Implementing CVR with coordinated control versus implementing CVR with local control is compared next. From
Figure 7,
Figure 8,
Figure 9 and
Figure 10 it may be seen that the load energy is significantly lower with coordinated control. In
Figure 7,
Figure 8,
Figure 9 and
Figure 10 only feeders that have an energy savings more than 1% with CVR are considered, which amounted to 260 feeders.
Figure 7,
Figure 8,
Figure 9 and
Figure 10 show the percent energy savings with respect to percent voltage reduction. In
Figure 7 summer savings are illustrated for the urban area’s feeders while
Figure 8 shows winter savings for the urban area’s feeders. For urban area’s feeders during the summer the load-voltage dependency factor is −0.2%, which means the system consists of 60% constant power load and 40% constant impedance load. Average customer energy savings for the urban area’s feeders during the summer is around 2.5%.
Figure 8 looks at the urban area’s feeders during the winter time where the load-voltage dependency factor is 0.1%, which means the system consists of 45% constant power load and 55% constant impedance load. Average customer energy savings for urban area’s feeders during the winter time is around 3.3%.
Figure 9 looks at the rural area’s feeders during the summer, where the load-voltage dependency factor is around 0.1%, which means that the system consists of 55% constant power load and 45% constant impedance load. The average customer energy savings for rural area’s feeders during the summer time is around 2.8%.
In
Figure 10 the rural area’s feeders during the winter are considered, where the load-voltage dependency factor is 0.57%, which means that the system consists of 78.5% constant power load and 11.5% constant impedance load. The average customer energy savings for rural area’s feeder during the winter is around 3%.
4.2. Results for 11 Feeders
Of the 260 feeders considered in
Section 4.1, the 11 feeders that had the best CVR performance were identified. It should be noted that these top performing feeders all had a relatively flat voltage profile.

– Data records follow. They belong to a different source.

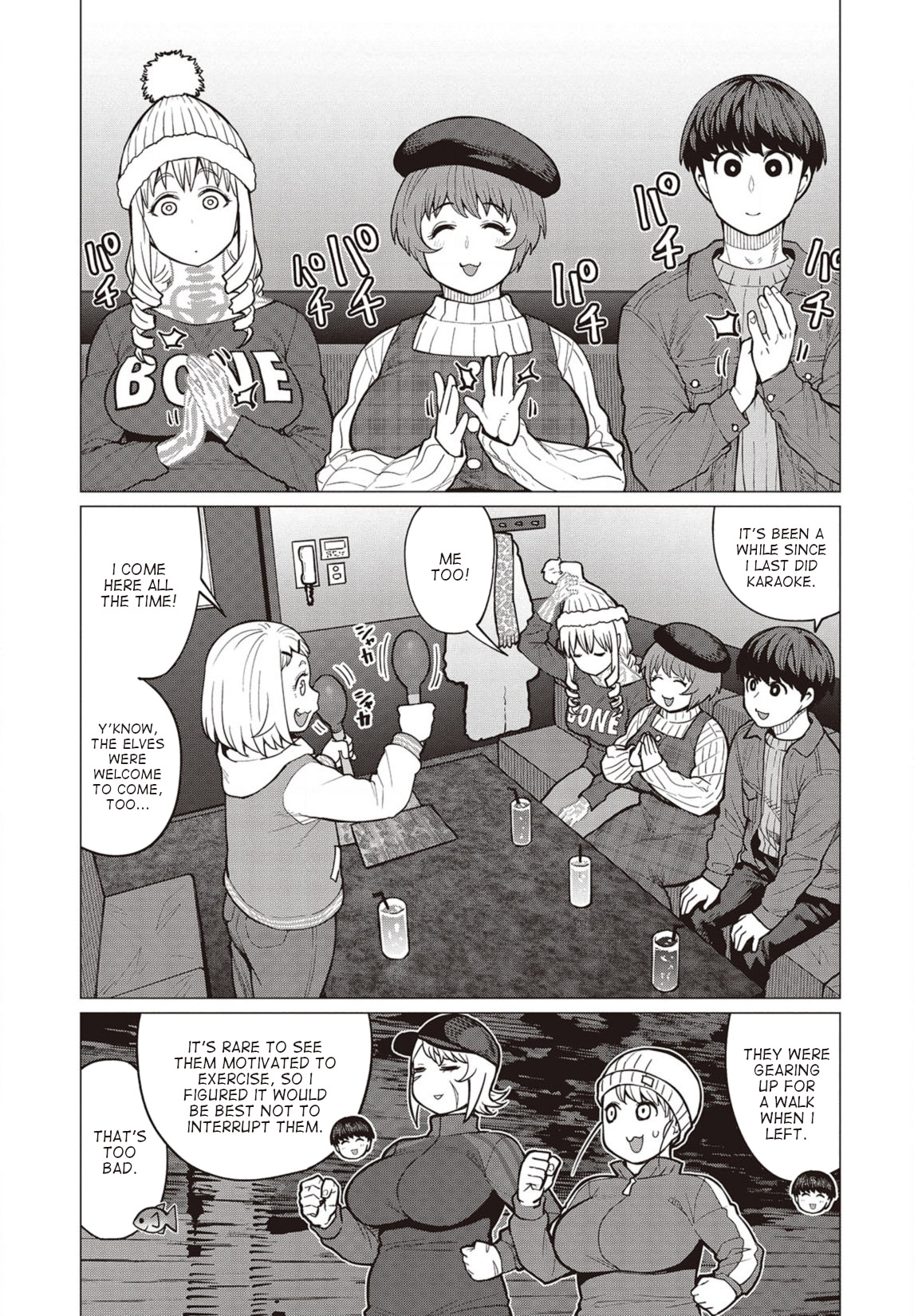 Elf-san wa Yaserarenai. Chapter 25 page 4 - Chapter 25: Appointment 25: Dangerous Sound Waves (Part 1)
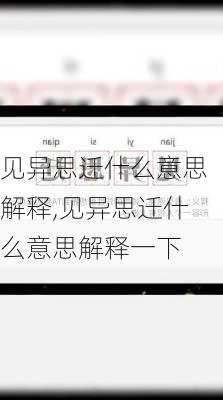 见异思迁什么意思解释,见异思迁什么意思解释一下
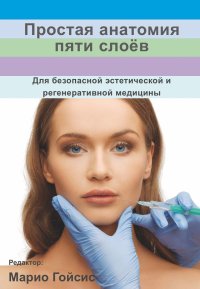Anatomia semplice dei cinque strati. Per una medicina estetica e rigenerativa sicura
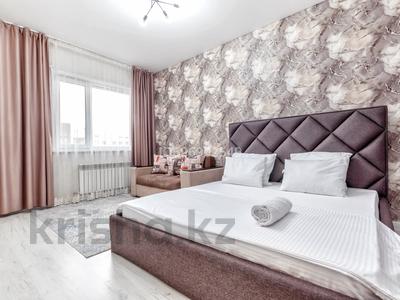 2-комнатная квартира · 45 м² · 6/21 этаж, Кабанбай батыра 29 — Сыганак за 3 000 ₸ в Астане, Нура р-н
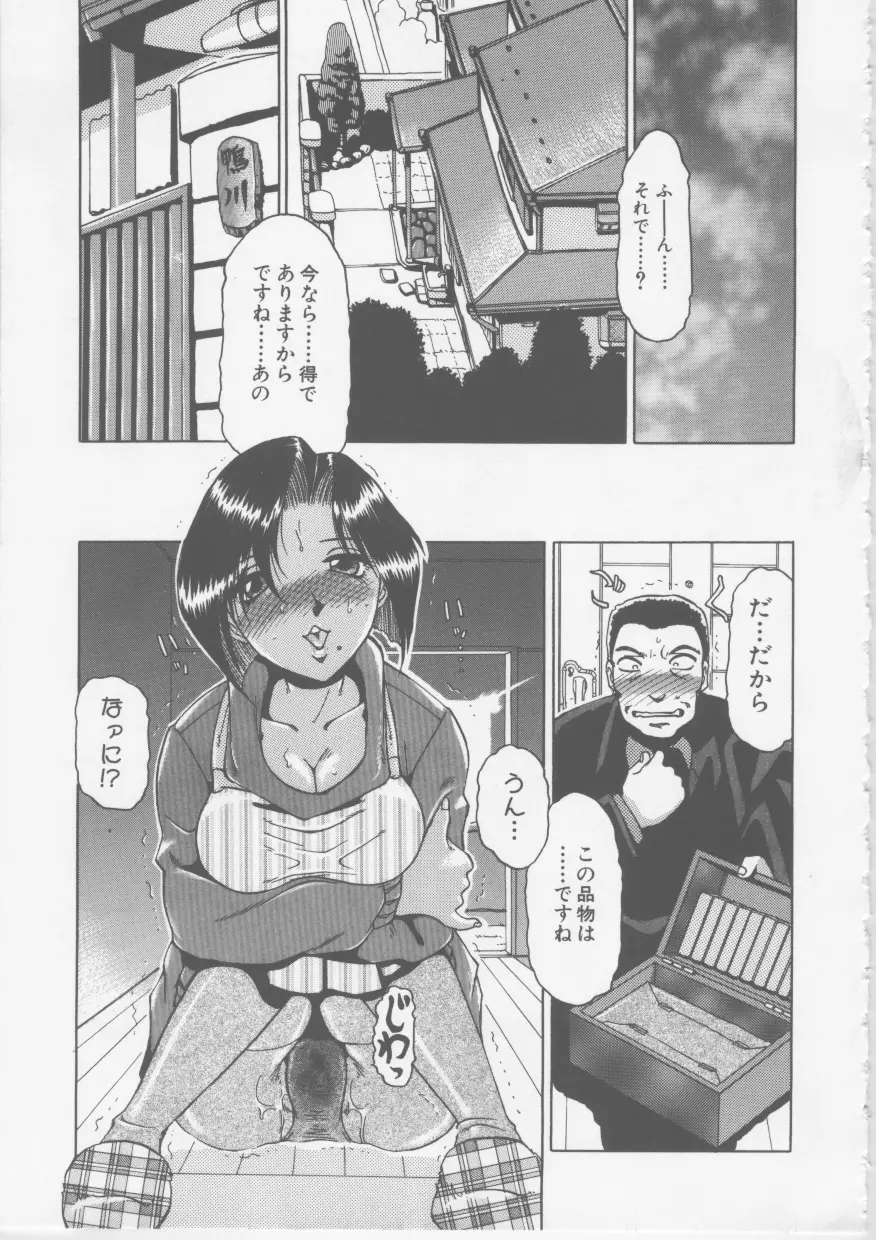 肉欲妻淫乱調教 Page.166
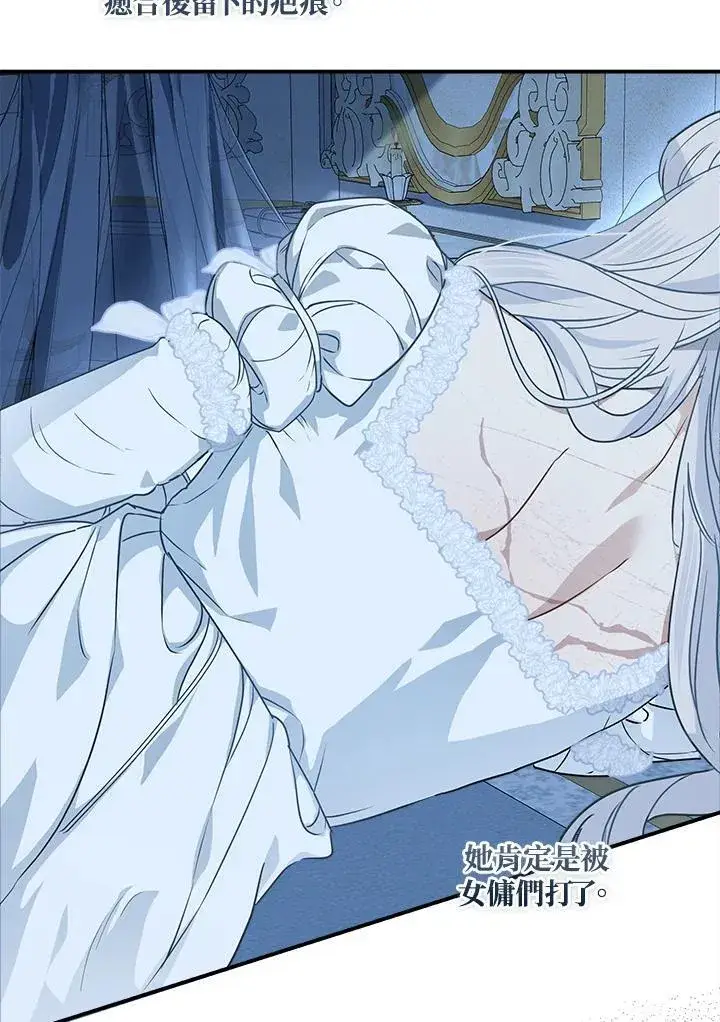 《伯爵家私生女的婚后生活》第87话图6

Table 2 shows the load-voltage dependency factors for these feeders for the different seasons. As can see from the table, during the summer the load-voltage dependency factors are higher than during the winter.
Using the load-voltage dependency factors, the coordinated control was used to analyze the 11 feeders every hour for an entire year (8760 time points).
Figure 11 compares the power savings of coordinated control with the power savings of local control.
Based on the
Figure 11, savings from the coordinated control is 2–3 times greater (around 10 GWhr) than the local control savings. The savings change throughout the year is based on demand. It is interesting to note that the larger the demand, the greater the savings.
5. Conclusions
Load-voltage dependency factors can be measured experimentally on many feeders with existing measurement devices. With respect to load-voltage dependency factors, load combinations were determined which were equivalent to the load-voltage dependency factors. A new coordinated control algorithm that made use of load-voltage dependency factors was described.
Two models were compared based on the reduction of energy. The first model involved feeders with local control and the second model involved feeders with coordinated control. The results showed that coordinated control with conversation voltage reduction helps to reduce the energy delivered. Results presented provide information about energy reduction for different load-voltage dependency factors. Across the two model comparisons of minimizing energy consumption, the coordinated control for conversation voltage reduction showed significant energy reduction over local control.